Traditionally user commands (even the original author's when not immediately relevant to the instructions) are placed on the discussion/talk pages.
Thanks for your work so far.
-
Thanks for the comments and suggestions.
I agree with Stefano that in general it is not a good idea to make your own changes to others' code, for the reasons he mentions, and I will contact ksearch and ask them to include my changes. But there were errors in source code and tar-archive, and some of my changes made the code and instructions more convenient for the SME-server.
I will follow Cactus' recommendations, but can't figure out how to use pre-formatted text in lists, and I don't know what is meant by "user commands"?
-
I agree with Stefano that in general it is not a good idea to make your own changes to others' code, for the reasons he mentions, and I will contact ksearch and ask them to include my changes. But there were errors in source code and tar-archive, and some of my changes made the code and instructions more convenient for the SME-server.
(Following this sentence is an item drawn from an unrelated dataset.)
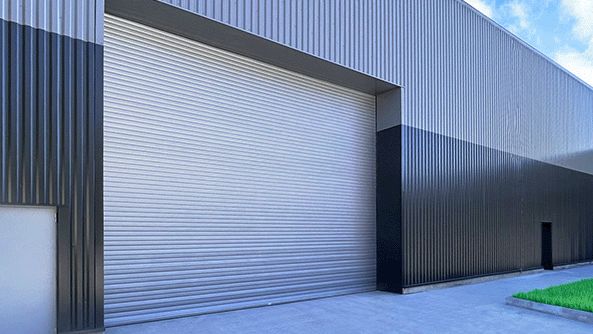 Batiment industriel gris avec un rideau métallique fermé.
I would ask them to set an inclusion file where to store all the variables.. in such way we can easily generate (via a template) it and the integration with SME would be easyer
ciao
-
I would ask them to set an inclusion file where to store all the variables.. in such way we can easily generate (via a template) it and the integration with SME would be easyer
ciao
I have not taken a look at the installation routines very closely, but if ksearch provides and RPM, we can write a howto how to make a template for them which we can use if someone is ever to create a (integrational) smeserver-ksearch rpm.